Business team of three in office and planning work

 

This article by Udemy CEO Dennis Yang originally appeared on CBS Small Business Pulse.

How do you make sure current and incoming employees always have the right skills to meet your company’s evolving needs?

It’s hard to deliver effective, relevant training in the exact moment employees need it. Creating your own training is both time-consuming and expensive, and coordinating schedules and locations among employees is also a challenging task. Not to mention the people who typically “own” training — human resources or operations — aren’t necessarily the same ones who recognize the specific skills employees will need and when they’ll need them. By the time a technical lead or other department goes through the process of requesting and receiving specific training, hours and hours of productivity are lost.

In contrast, the online learning space is booming among corporate users. Online courses offer businesses the ability to deliver quality training content effectively and easily, and a slew of vendors has stepped in to help companies do just that. But with so many options, how do business leaders determine which solution is the best fit for their needs and ensure that their workforce actually uses it to good effect? Here are five criteria to keep in mind when selecting an online learning platform for your business.

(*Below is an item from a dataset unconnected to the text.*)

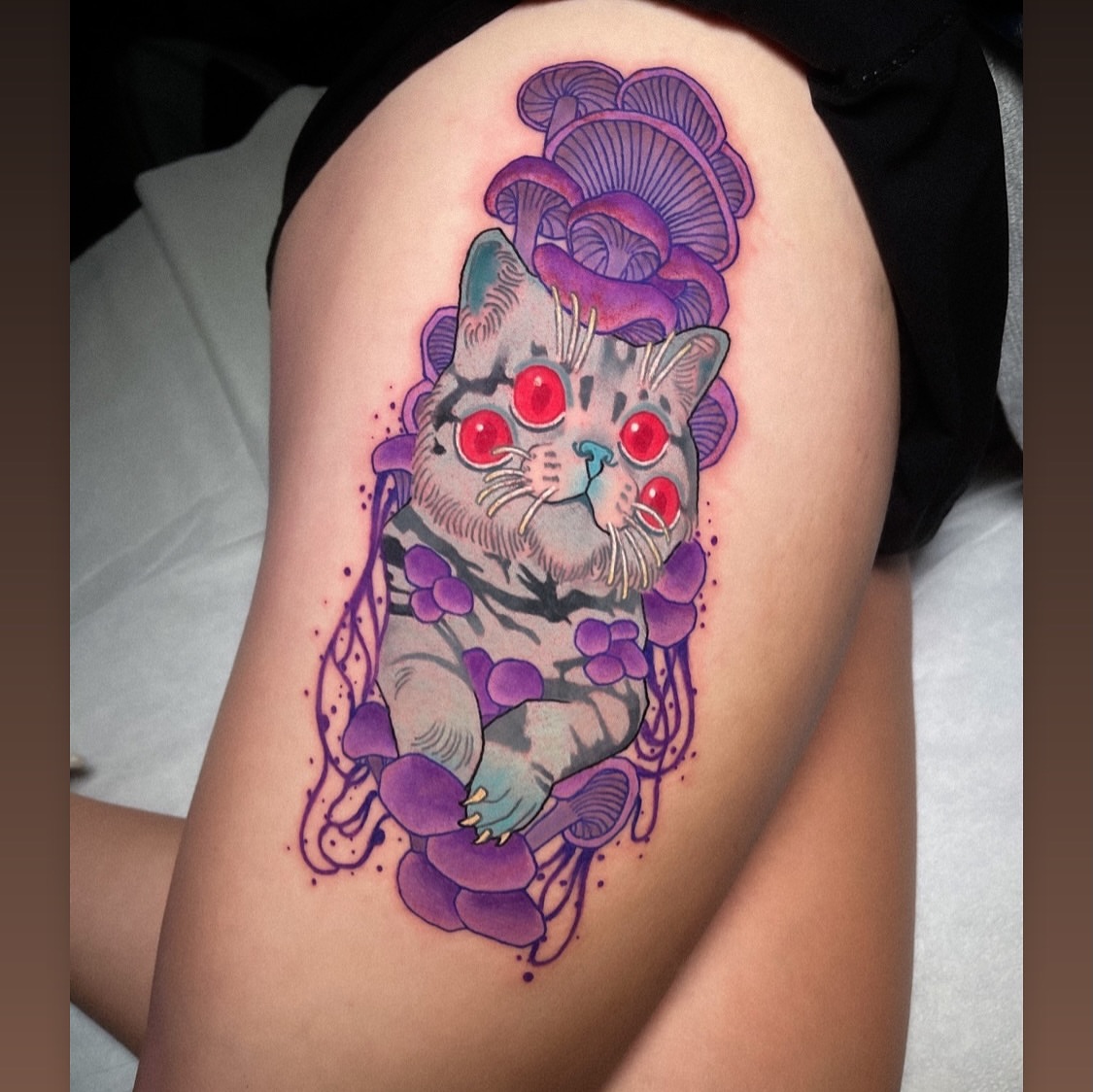 Cat with mushrooms dotwork tattoo on the thigh by Igor Puente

1. Know the skills your company will need: While no one can predict the future, you can keep a closer eye on trends and anticipate holes in your workforce’s existing skill set. Performing that gap analysis also means having a complete, accurate picture of the skills you’ve already got covered. Because so many skills (particularly those around technology) become obsolete so quickly these days, many companies are recruiting individuals with adaptable talents and offering training to keep them up-to-date on job skills, rather than looking for new hires with new skills.

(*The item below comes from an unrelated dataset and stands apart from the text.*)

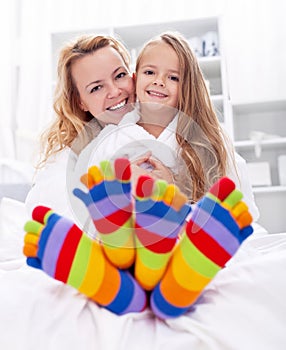 Happy girl and woman at home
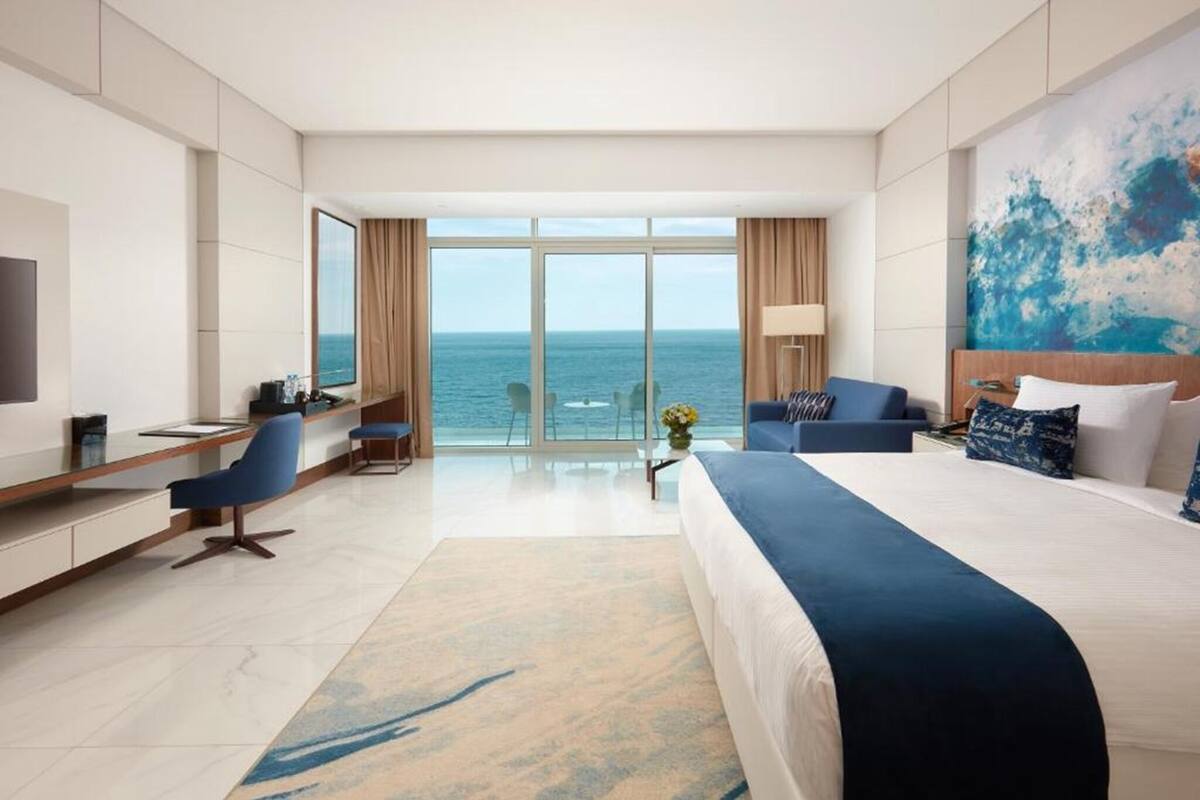 Quarto de hotel com uma cama grande, uma escrivaninha, uma cadeira, uma televisão e vista para o oceano.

2. Evaluate “buy” vs. “build”: Skills are always changing, and that means corporate training programs need to evolve as well. Few companies have the time, expertise, or dedicated resources to create and maintain their own skills-based training modules, but buying a pre-built set of courses can’t necessarily address a business’s unique needs or grow with it over time either. Find the balance between the two approaches to determine the best fit for your company or, even better, look for a solution that combines the virtues of each: access to pre-built courses on broadly sought-after topics along with custom courses for your proprietary training needs.

3. Make continuous learning a company value: In many companies, training has historically been viewed as a chore. Some of this can be attributed to the experience itself, as traditional corporate learning systems have a reputation for being clunky, boring, and out of touch with the way most of us engage with technology and consume content. Delivering video-based training online, whenever and wherever employees want and need it, can drive better employee engagement. The key, however, is for company leadership to champion a culture of continuous learning — one that actually encourages people to grow beyond their job descriptions and help themselves to additional training opportunities. Cultural change is slow in any organization, but those that emphasize learning at all levels are most likely to succeed.

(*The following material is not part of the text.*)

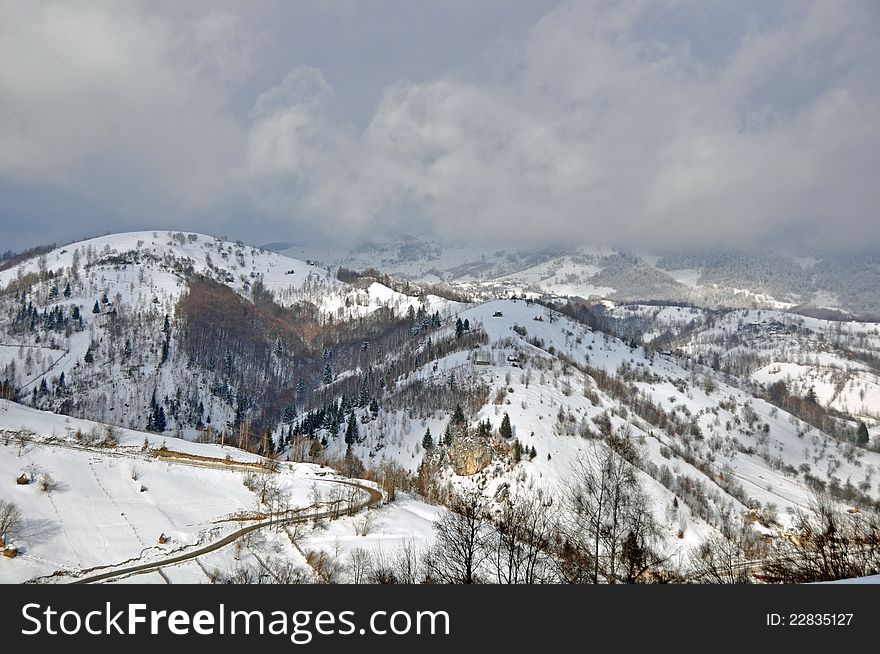 Village view through high mountain on Rucar-Bran pass in middle Romania. Village view through high mountain on Rucar-Bran pass in middle Romania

4. Deploy the best available content from the best instructors: At its most basic, a successful training program needs to be built on superior training content. It also has to deliver a superior end-to-end experience for the employees using it. The leading experts in a given field are not always the most effective teachers. Corporate learners are craving the authenticity delivered by a practitioner with obvious domain expertise but who also has a gift for instruction. Creating and curating this kind of content is tougher than you might think. You need to marry high-quality content with expert instructors who know how to bring a subject to life for students so they can really absorb it and then live it.

5. Demonstrate ROI to company leaders: You’ll need to show ROI when you sell the idea of continuous learning to executive leadership. Here’s the good news — companies that offer online training save time and money on travel and accommodations, as well as instructor resources. And those savings can go back into revenue-generating parts of the business. Online systems also give you the ability to track which courses employees are taking and test them upon completion, so you can measure success rates and reward those who perform.

Thanks to the Internet, corporate training has come a long way. Offering it as an employee benefit can help attract higher quality candidates, keep them engaged in their jobs, improve retention rates, and ensure people have the tools and knowledge they need to do their best work on your behalf. Who knows, even you may learn something in the process.